ULS has petitioned the Judicial Service Commission, demanding that Justice Choudry be removed from the bench, citing improper conduct while he was practising law in the United Kingdom. The society also petitioned the Constitutional court over the matter, which is now before President Museveni. This has drawn a wedge between the judge and ULS, with some members vowing to boycott his court.

According to an email to members written by the newly elected ULS president, Ruth Sebatindira, and seen by The Observer, Choudry has crossed the ‘rubicon.’

ULS reacts

“An attack has been made on the Uganda Law Society which was not even a party to this suit in circumstances that suggest that the judge may be taking his wrath out on members of the bar who abide by the ULS position not to appear before him,” Sebatindira wrote a day after the ruling.

In April 2012, ULS requested President Museveni to set up a special tribunal to investigate allegations of improper conduct on the part of Choudry. According to documents filed in court in 2008 by ULS, Choudry was on October 31, 2000 convicted of making an excessive bill of costs amounting to £1 million (Shs 4 billion) in a libel case he was handling on behalf of a Sikh leader against the Sunday Times, a UK newspaper.

ULS says that Choudry was subsequently struck off the register of lawyers and solicitors from the United Kingdom and his law firm, Singh and Choudry, was closed down. Choudry denies the allegations which he has challenged in court. Bruce Kyerere, a former ULS president, described Choudry’s ruling as “the epitome of lunacy” and further evidence that he should not be a judge.

He said it was unconstitutional for the judge to demand that lawyers first deposit the entire amount in court before they can lodge an appeal.

“His continued presence on the bench is a disgrace to the judiciary,” Kyerere said.

Dramatic case

The controversial case was first lodged in 2002 by a group of tenants. However, judges it was allocated to kept rescheduling it. In 2009, with the support of a German NGO, FoodFirst Information and Action Network (FIAN), the tenants revived the case.

The tenants argued that NKG acquired the 11.6 square miles of contested land from UIA on a 99-year lease illegally. The land covered the villages of Keitemba, Luwunga, Kijunga and Kiryamakobe. They said that they were forcefully evicted from the land by soldiers from a nearby army barracks with the assistance of Mubende’s then Resident District Commissioner, Perez Katamba. In the process, they lost their property, livelihood, shelter and education.

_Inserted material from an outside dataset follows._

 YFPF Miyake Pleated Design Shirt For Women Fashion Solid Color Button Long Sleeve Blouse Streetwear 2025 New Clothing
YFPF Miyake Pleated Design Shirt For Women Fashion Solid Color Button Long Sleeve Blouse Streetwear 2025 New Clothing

They claimed that the compensation given was insufficient and not comparable to what they had lost. Choudry took over the case in 2009 and in the early stages Nangwala and Rezida asked him to disqualify himself because ULS had questioned his integrity. They also feared that being lead lawyers in the petition filed by ULS against Choudry, he might be biased against them.

But Choudry rubbished their worries and maintained that he would be impartial.

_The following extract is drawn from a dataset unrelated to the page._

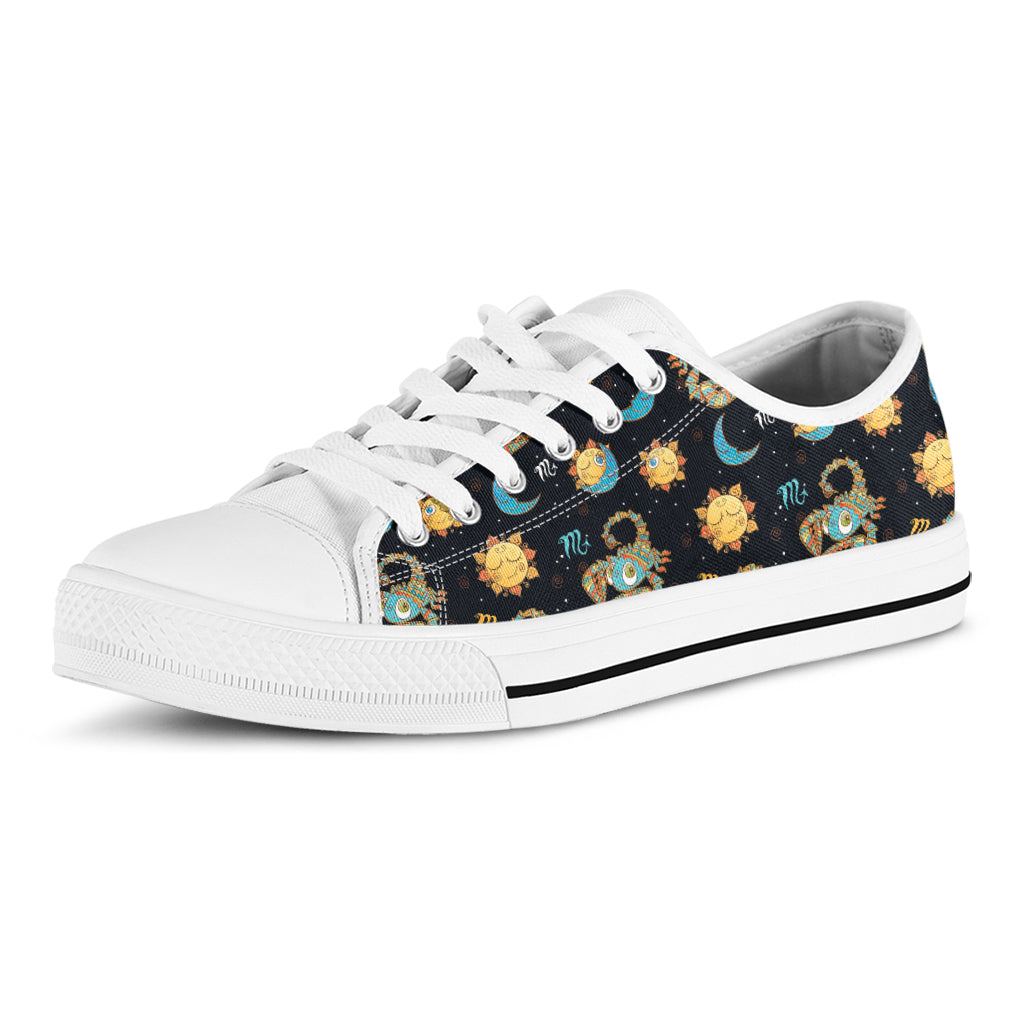 Cute Cartoon Scorpio Pattern Print White Low Top Sneakers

He said: “…my  performance  in  the  judiciary  has been impeccable and I  demonstrated exemplary behaviour in the  past five  years as a judge. I did not do anything wrong under our Constitution. In the past I also ruled in favour of clients who were represented by Nangwala and Rezida. I suspect there is  some other motive why James Nangwala and Alex Rezida do not want to appear before a gray bearded judge in this case.”

The ruling

After three years of court arguments, Choudry ruled on March 28 that the tenants had been illegally evicted without being fully compensated. He instructed that they be paid damages, dating back 10 years, since they were evicted. Choudry faulted UIA for not carrying out due diligence, supervision and checks on the land.

He said: “… the whole transaction was suspicious. UIA  failed to check land  values and the compensation amounts payable.”

Choudry said the German investors, NKG, had a duty to ensure that people were not exploited. But he reserved the harshest criticism for Nangwala and Rezida, UIA’s lawyers.

“Messrs Nangwala and Rezida deliberately withheld information in breach of their fiduciary duty and this deliberate omission was a dishonest conduct. Nangwala and Rezida had forsaken their loyalty to the Leaser and Lessee in the grant of the lease, when to their knowledge the title was lumbered with encumbrances,” Choudry said.